Check following contrived program:

#include <functional>
#include <memory>

template<typename T>
using UniPtr = std::unique_ptr<T, std::function<void(T*)>>;

int* alloc()
{
    return new int;
}

UniPtr<int> func()
{
    auto dealloc = [](int* p){delete p;};

    return UniPtr<int>{alloc(), dealloc};
}

int main()
{
    auto p = func();
    return 0;
}

From std::function constructor manual, I think constructing std::function object may throw exception, even the ratio is very low:

UniPtr<int> func()
{
    auto dealloc = [](int* p){delete p;};

    return UniPtr<int>{alloc(), dealloc};
}

But if using function pointer instead of std::function object:

template<typename T>
using UniPtr = std::unique_ptr<T, void(*)(T*)>;

I think after leaving the func() scope, the dealloc object should be freed, and it can't be referenced.

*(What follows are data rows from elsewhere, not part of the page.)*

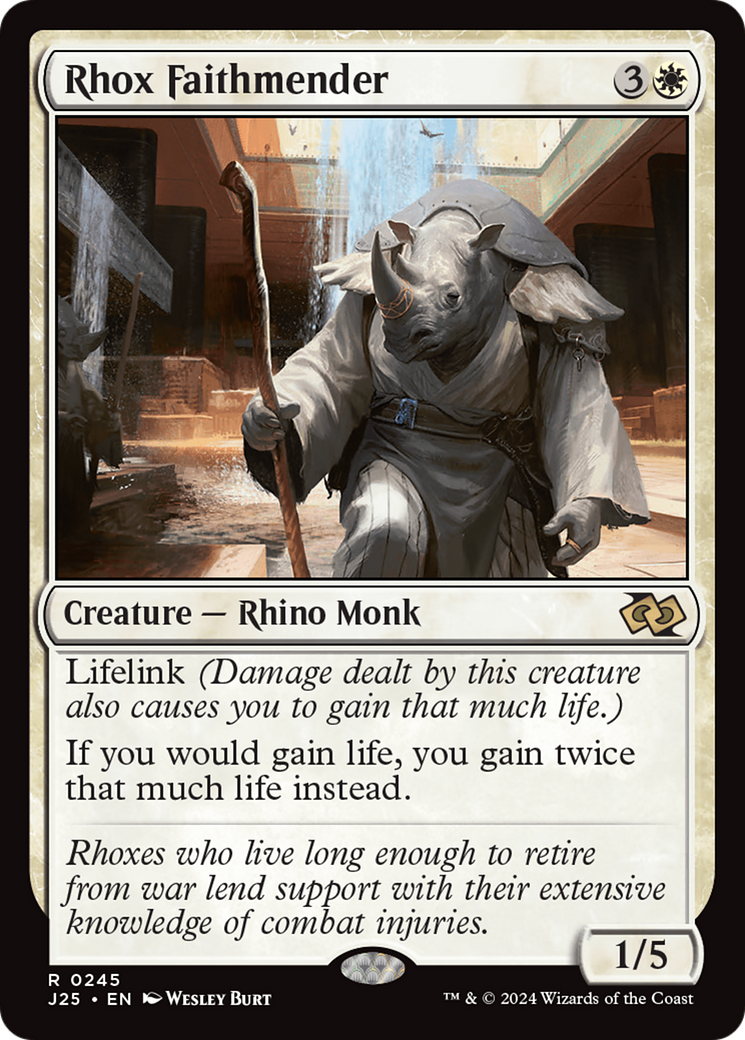 Rhox Faithmender [Foundations Jumpstart] - Destination Retro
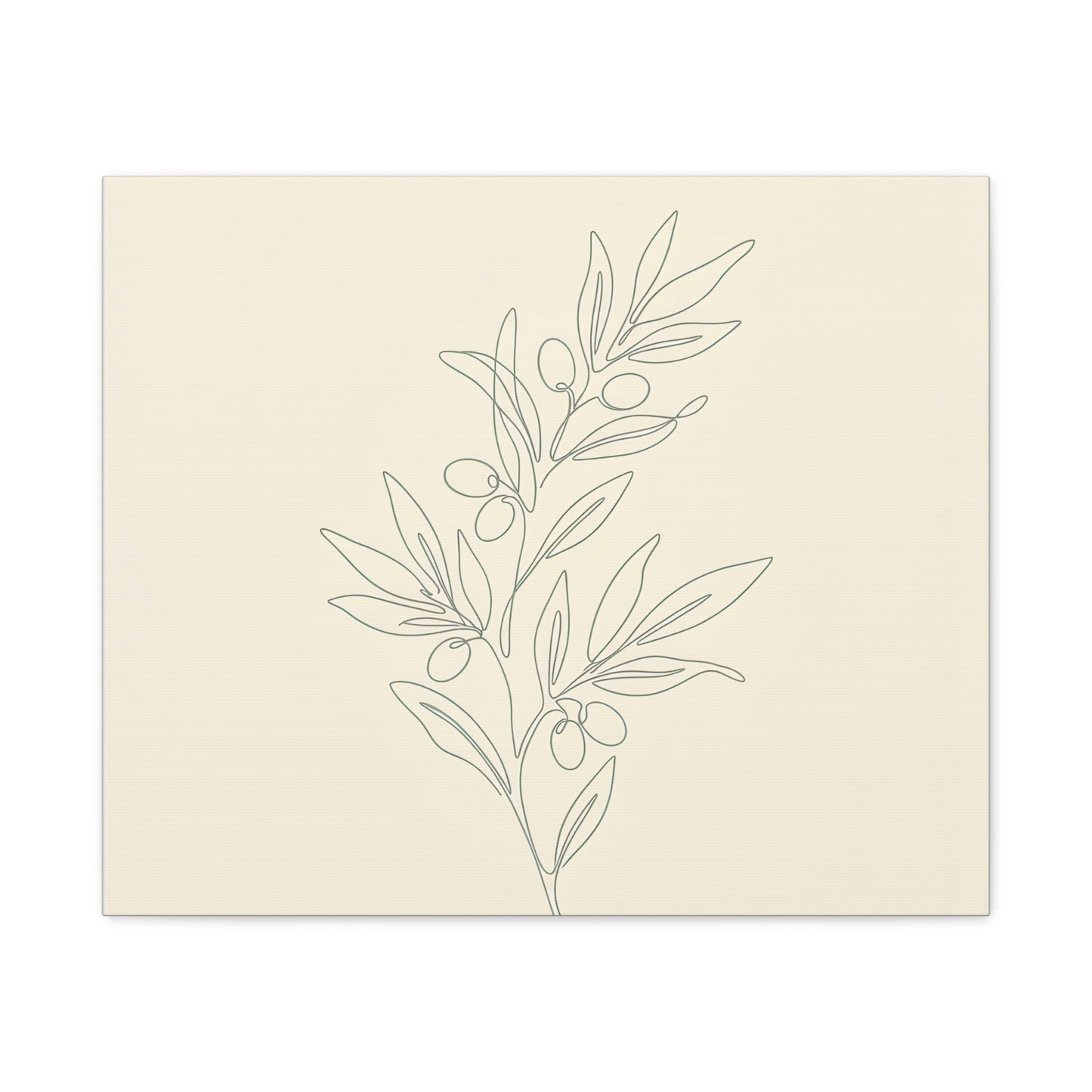Olive Branch Minimalist Wall Art Canvas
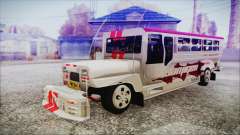 Hataw Motor Works Jeepney para GTA San Andreas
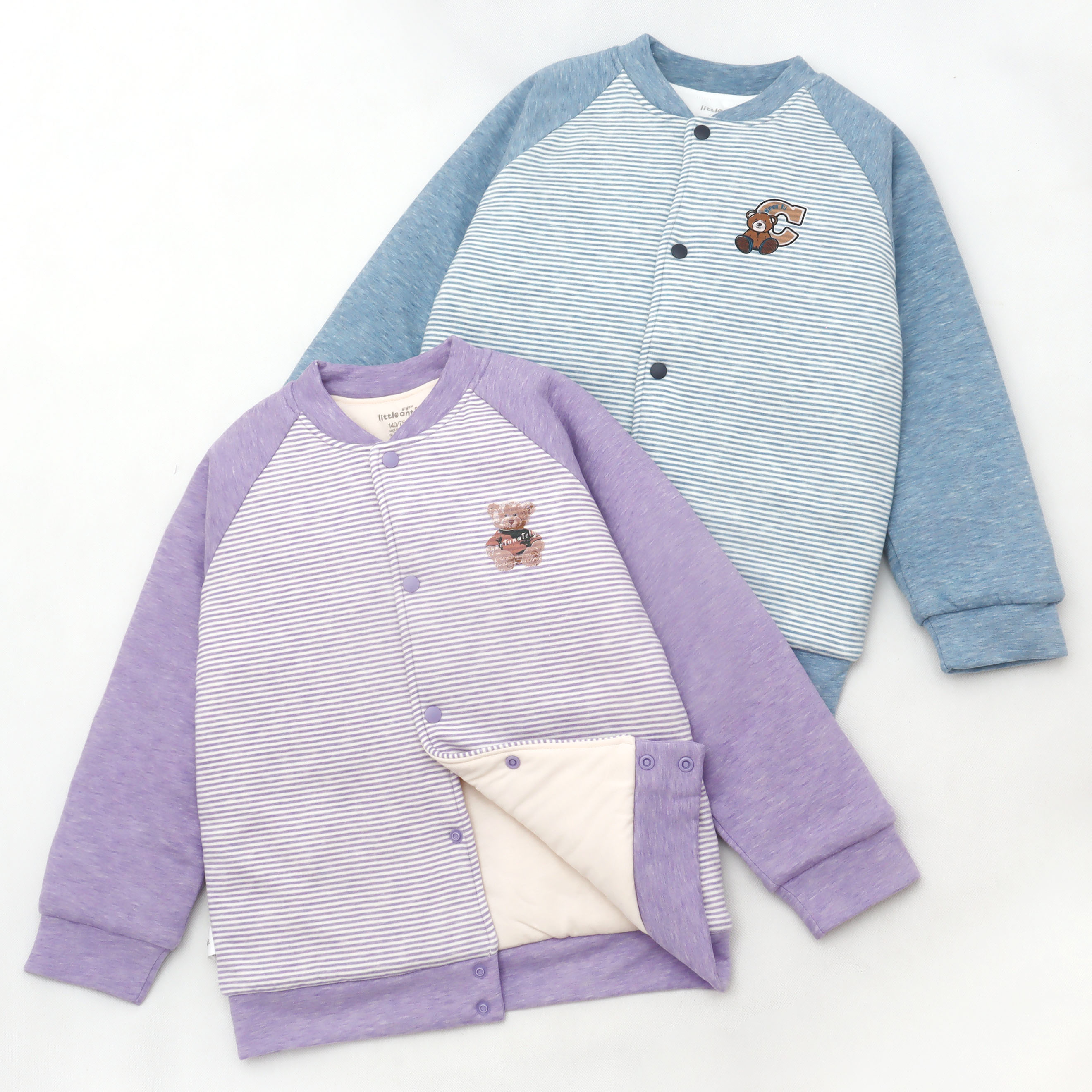 儿童保暖内衣校服内胆益友小蚂蚁加厚男女中大童条纹小棉袄上衣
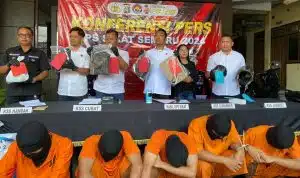 Polres Tulungagung Berhasil Ungkap 35 Kasus Kejahatan, 38 Tersangka Diamankan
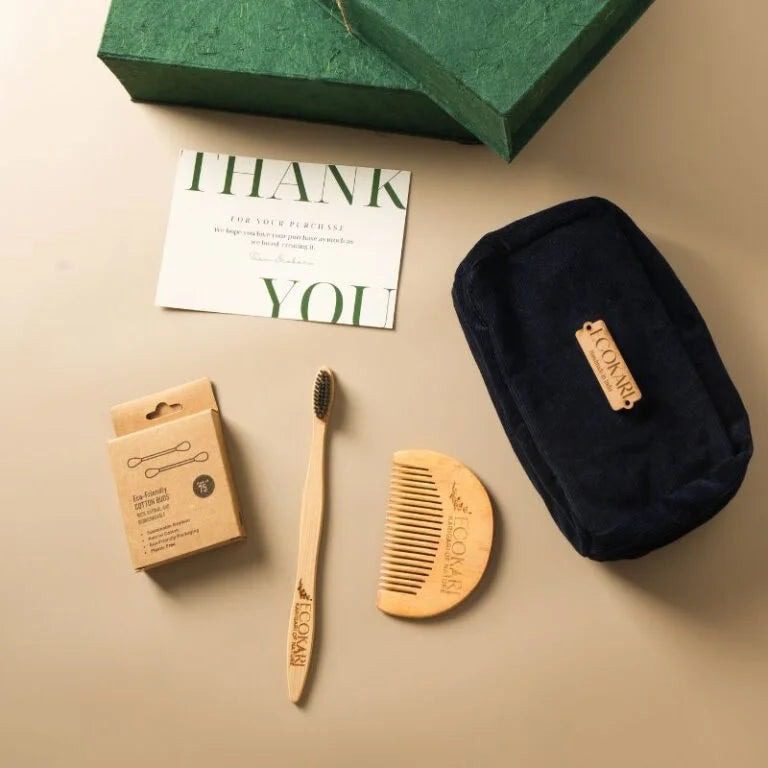 Eco Men’s Grooming Gift Hampers Set Bamboo & Neem Kit Corporate Gifts - Image 3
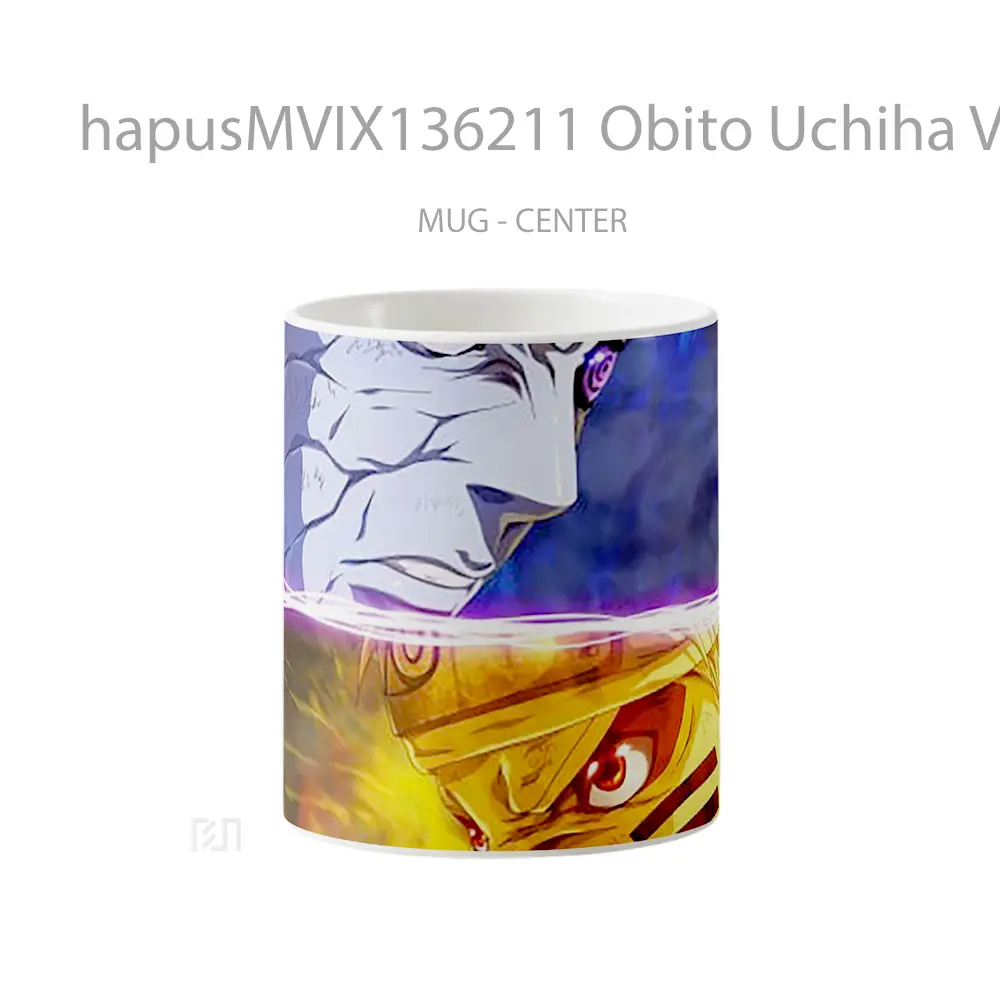 Mug Obito Uchiha Vs Naruto Uzumaki Cangkir Anime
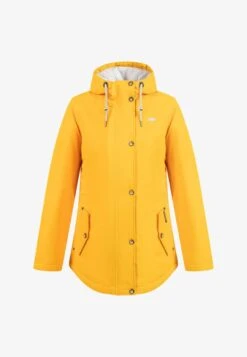 Schmuddelwedda MIT MAGIC PRINT SKYLAH - Regenjacke / Wasserabweisende Jacke - Sonnengelb -Damenbekleidungsgeschäft 76cf65a1cfd84407b6352c0f7e088b13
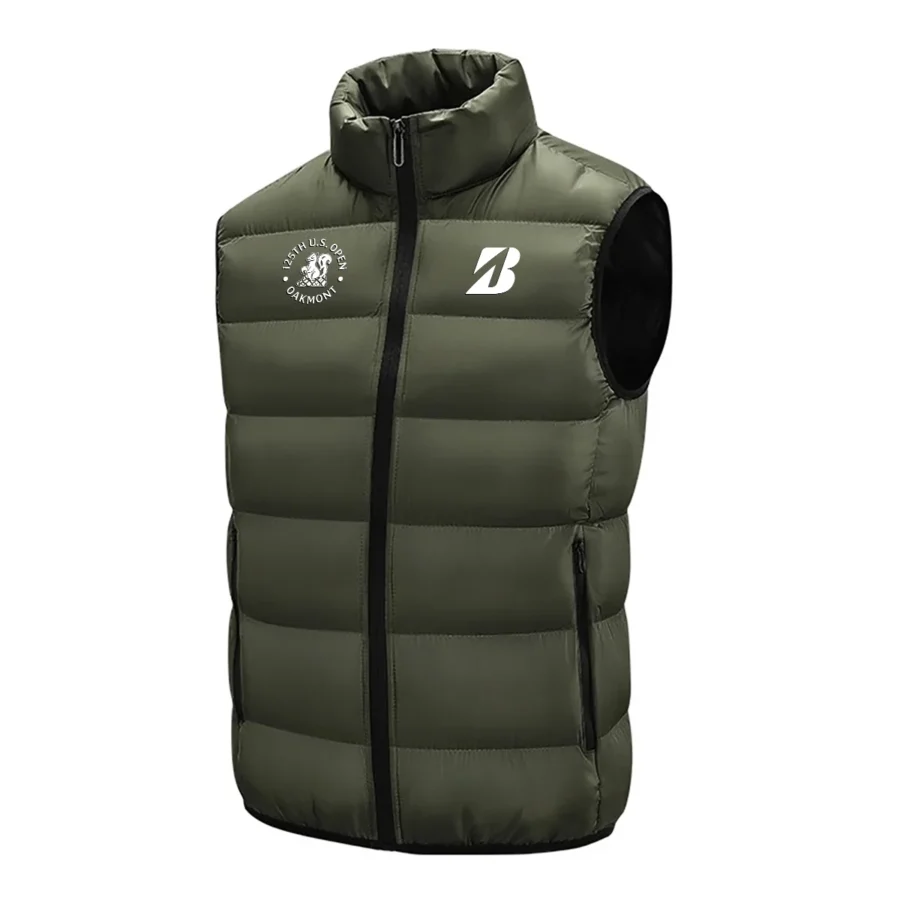 Bridgestone Golf 125th U.S. Open Exclusive Logo Cotton Vest Sleeveless Jacket HO125251024WV01BR - ArmyGreen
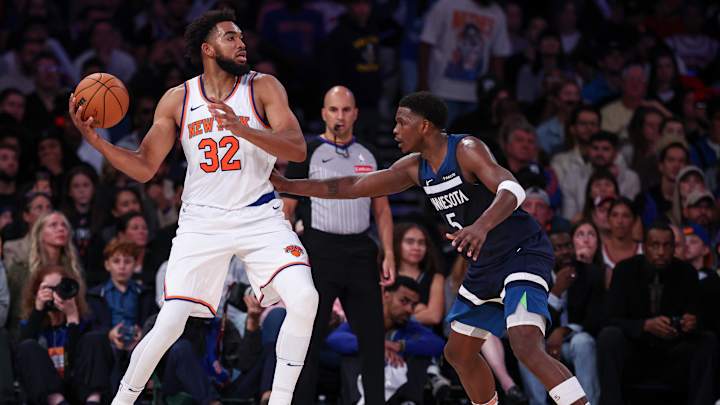 New York Knicks, Karl-Anthony Towns, Minnesota Timberwolves New York Knicks, Karl-Anthony Towns, Minnesota Timberwolves
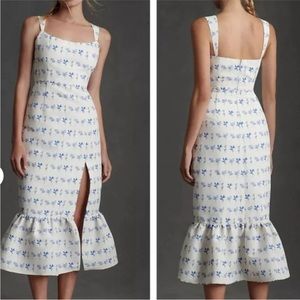 Sachin & Babi Anthropologie Eliza Midi dress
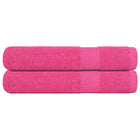Towels FROGN 2 pcs 100x200 cm 360 g/m² pink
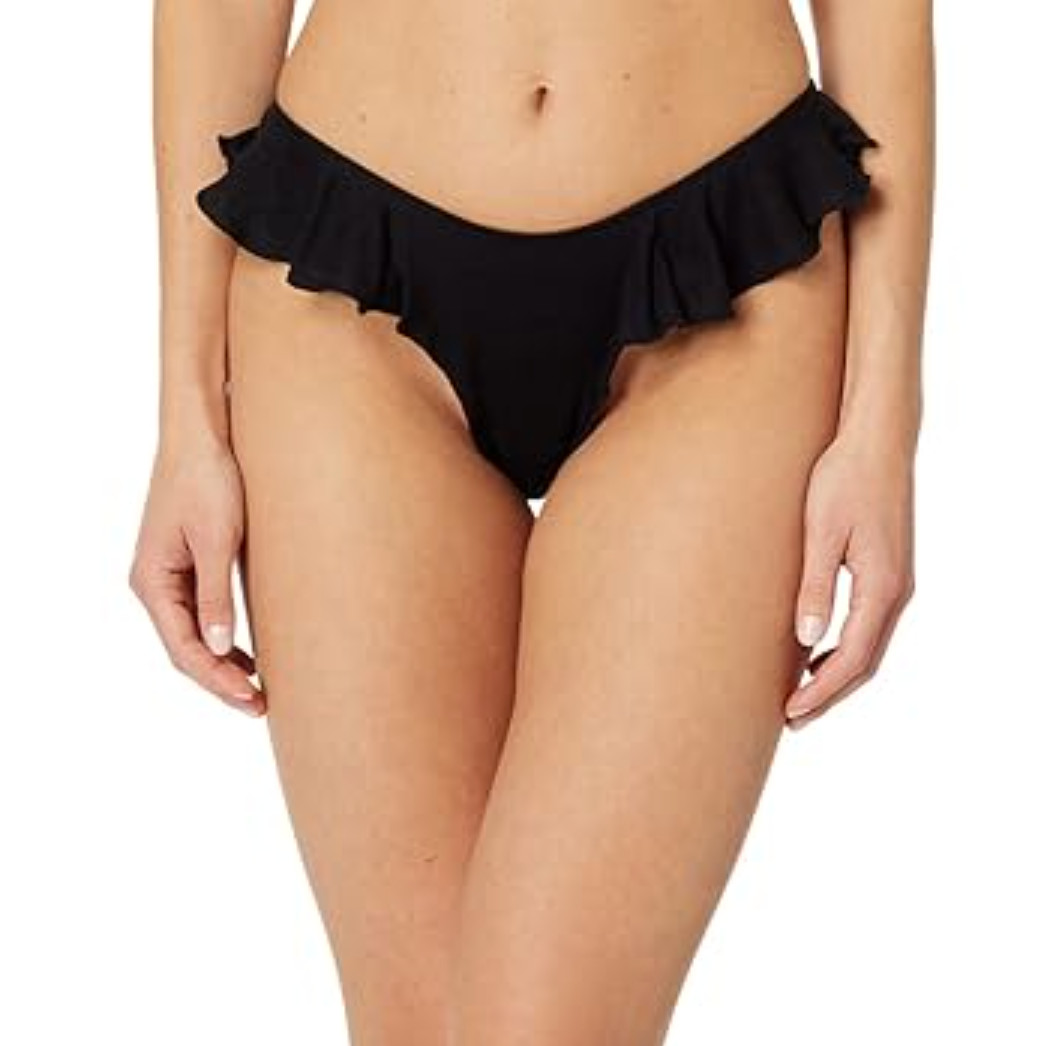 Only Hearts L17951 Womens Black Organic Cotton Butterfly Brief Size L  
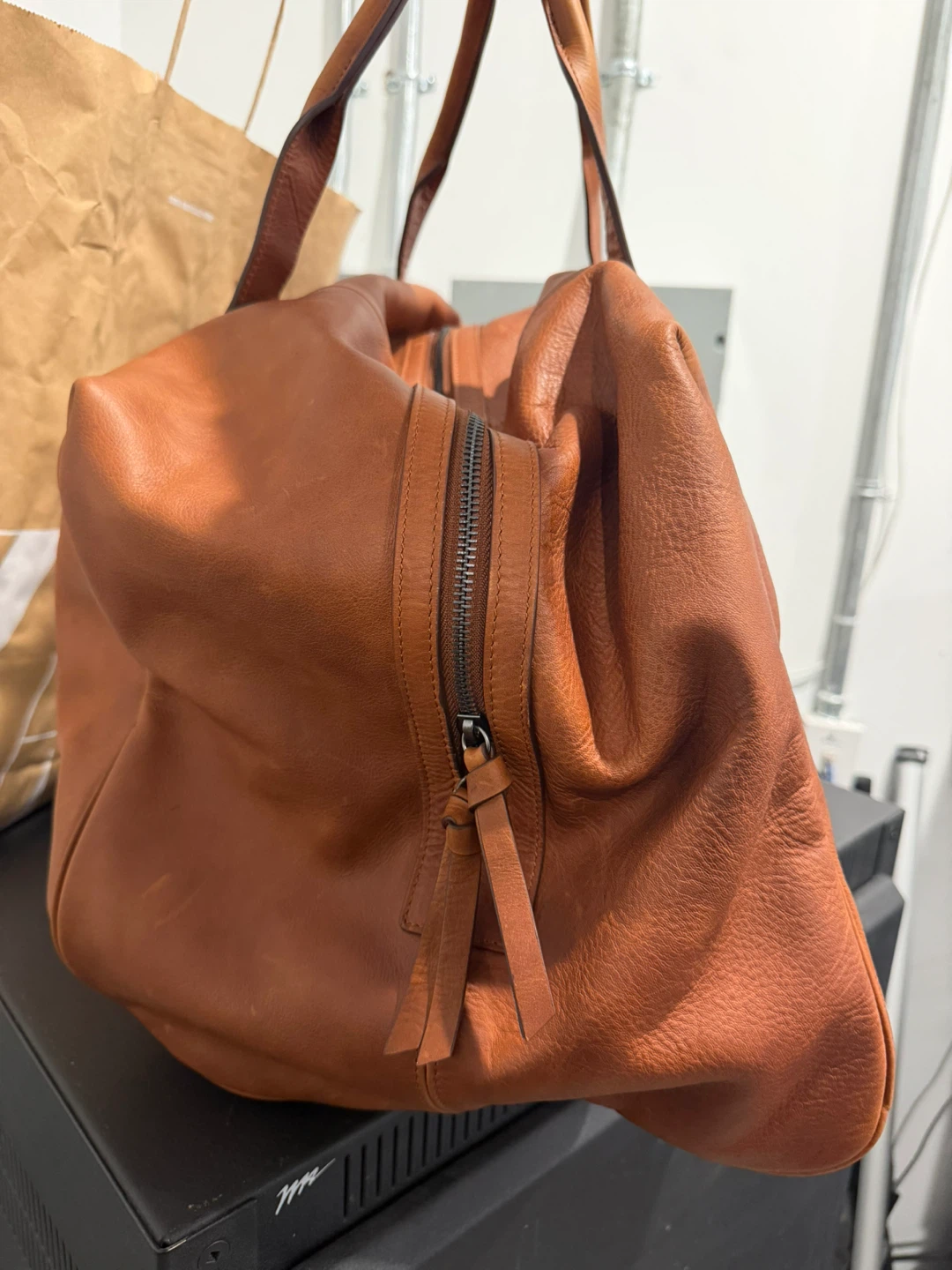 XL Leather Handbag Limited Edition - Brown - photo 5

Please correct me if I am wrong. So the only safe method I can come out is defining a global dealloc function:

void dealloc(int* p)
{
    delete p;
}

But I don't like this method.

Based on precedent exposition, there is not 100% safe way to use lambda as std::unique_ptr's Deleter, Or I misunderstand something? How to use lambda as std::unique_ptr's Deleter?